*** Opening of DATA ***

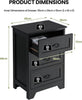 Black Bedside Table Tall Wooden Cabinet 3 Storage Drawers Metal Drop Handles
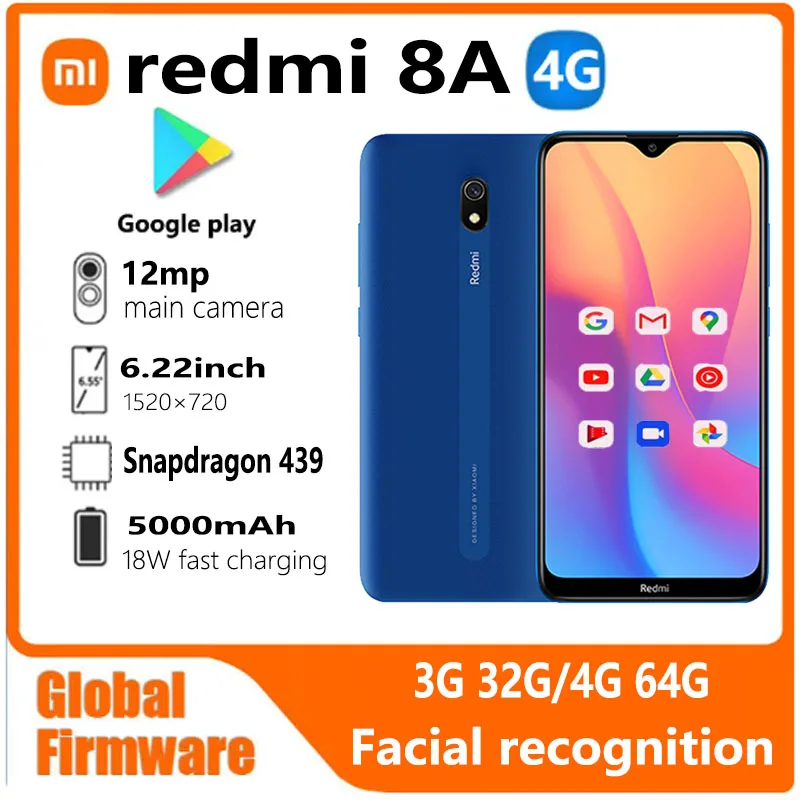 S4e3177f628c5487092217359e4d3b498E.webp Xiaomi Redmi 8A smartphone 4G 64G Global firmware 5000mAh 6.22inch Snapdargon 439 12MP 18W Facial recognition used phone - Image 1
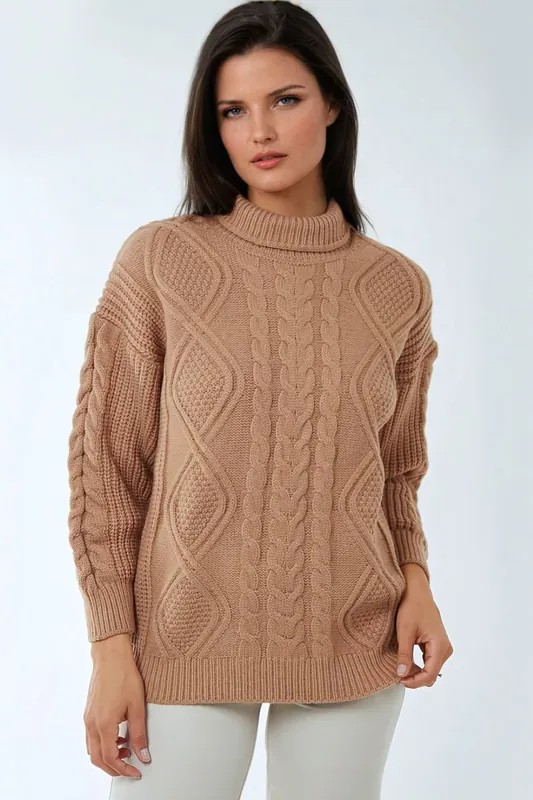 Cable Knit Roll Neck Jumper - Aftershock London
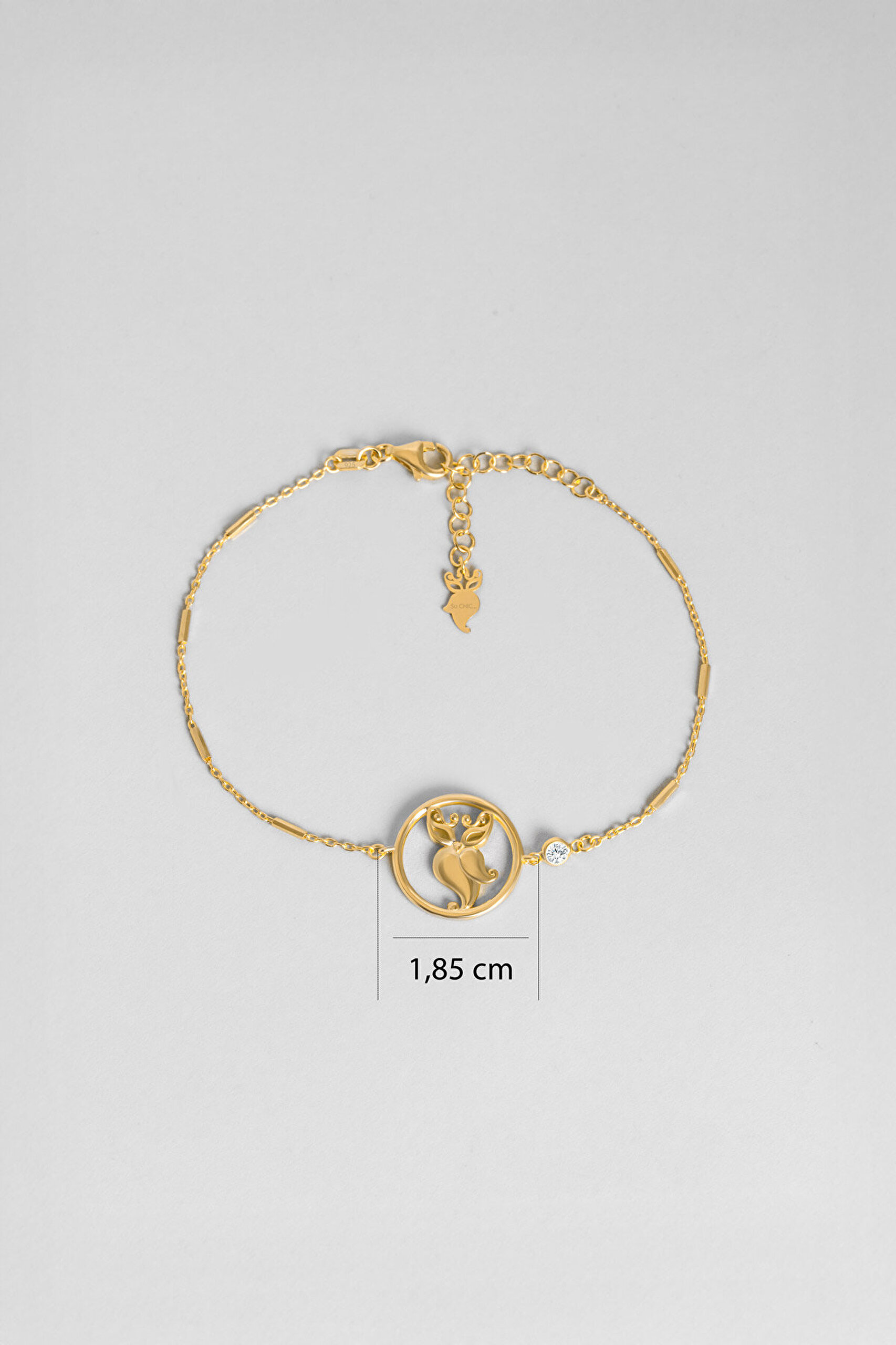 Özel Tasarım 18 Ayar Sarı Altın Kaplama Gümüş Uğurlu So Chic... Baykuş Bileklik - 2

*** Close of DATA ***

WHAT NEEDS TO BE DONE
Copy the data in full. No pictures belong in the copy.

REPLY TO THE EXERCISE
 Black Bedside Table Tall Wooden Cabinet 3 Storage Drawers Metal Drop Handles
 S4e3177f628c5487092217359e4d3b498E.webp Xiaomi Redmi 8A smartphone 4G 64G Global firmware 5000mAh 6.22inch Snapdargon 439 12MP 18W Facial recognition used phone - Image 1
 Cable Knit Roll Neck Jumper - Aftershock London
 Özel Tasarım 18 Ayar Sarı Altın Kaplama Gümüş Uğurlu So Chic... Baykuş Bileklik - 2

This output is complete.